Title: DNS Filter - high latency when using upstream resolvers
Description:
When using the DNS filter's upstream resolvers there's an additional ~5sec latency with resolves.
Using host and dig don't appear to be affected, but when performing a HTTP request where the requests first performs a DNS lookup, I'm noticing a consistent 5sec additional latency. The latency isn't there if I define a static domain for Envoy to return.

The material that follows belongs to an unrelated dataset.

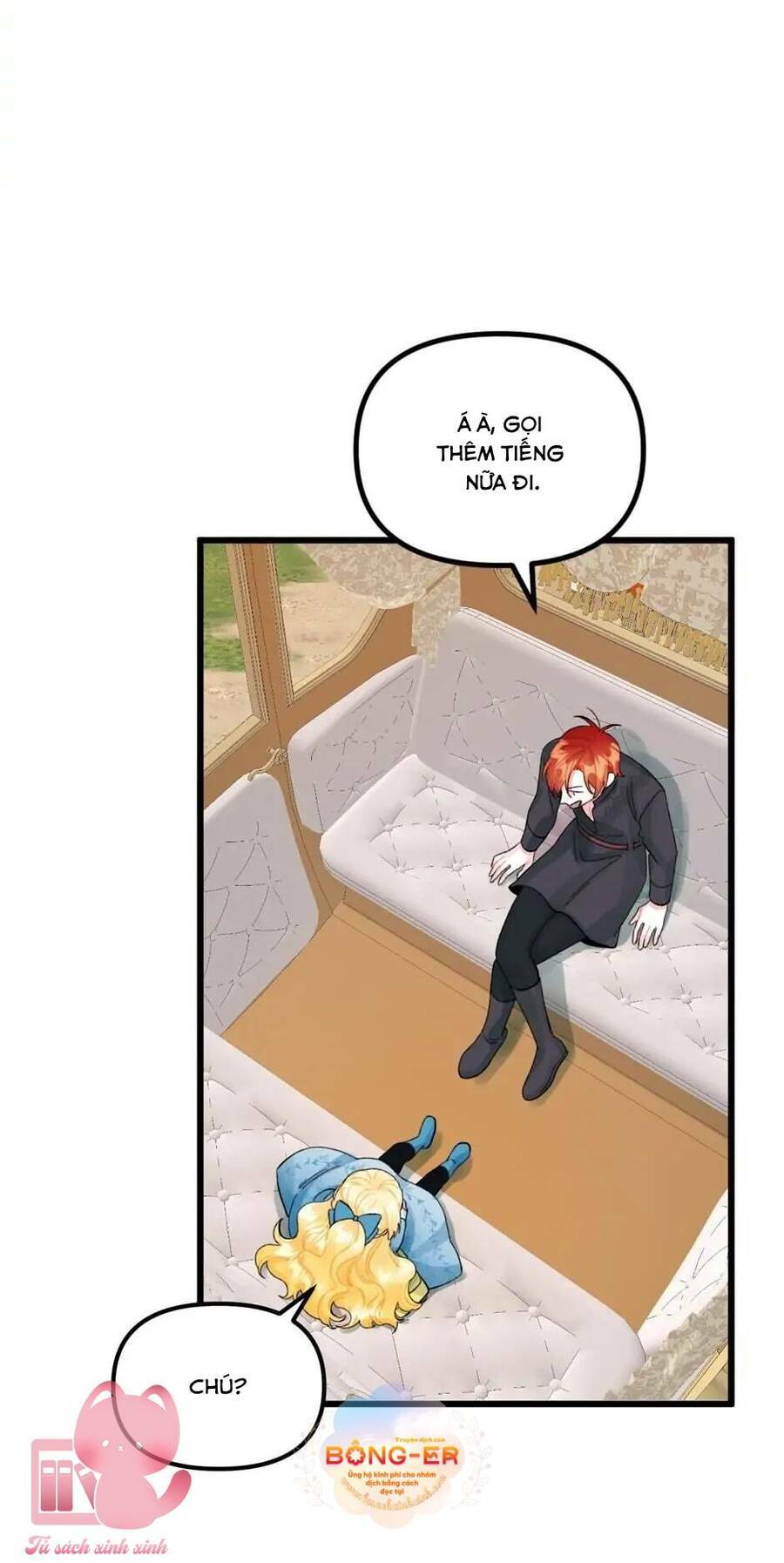 công chúa bãi rác chapter 62 17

Performing a tcpdump it appears that there's two upstream DNS requests. Both requests that envoy forwards to upstream return a successful resolve. The first response for some reason doesn't get picked up by the client, where a second request is then made which the client appears to successfully pick up. After the second resolve, the HTTP clients then continue with the requests now that it has an IP to use. The time between the first and second DNS request is where I'm seeing the additional latency.
Repro steps:
curl, wget or even a python requests against a non-static entry so that the upstream resolver is used.Config:
https://gist.github.com/skiptomyliu/0ae0959d5f2d6b6c225b393ed145fb73
@abaptiste do you mind taking a look at this?

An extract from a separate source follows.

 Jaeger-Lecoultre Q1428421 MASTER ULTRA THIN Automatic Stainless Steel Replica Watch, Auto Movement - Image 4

I am able to reproduce the delay. Using dig or any tool (python3-dnspython) to interact with the filter directly does not show the issue.
Let me dig into this a bit and I'll let you know what I find out.
/assign abaptiste
It turns out that the client is sending 2 queries with two different Query ID's. When the response for the first query is being generated it is erroneously using the ID for the second query. The client waits until the ID in the response matches the ID of the query.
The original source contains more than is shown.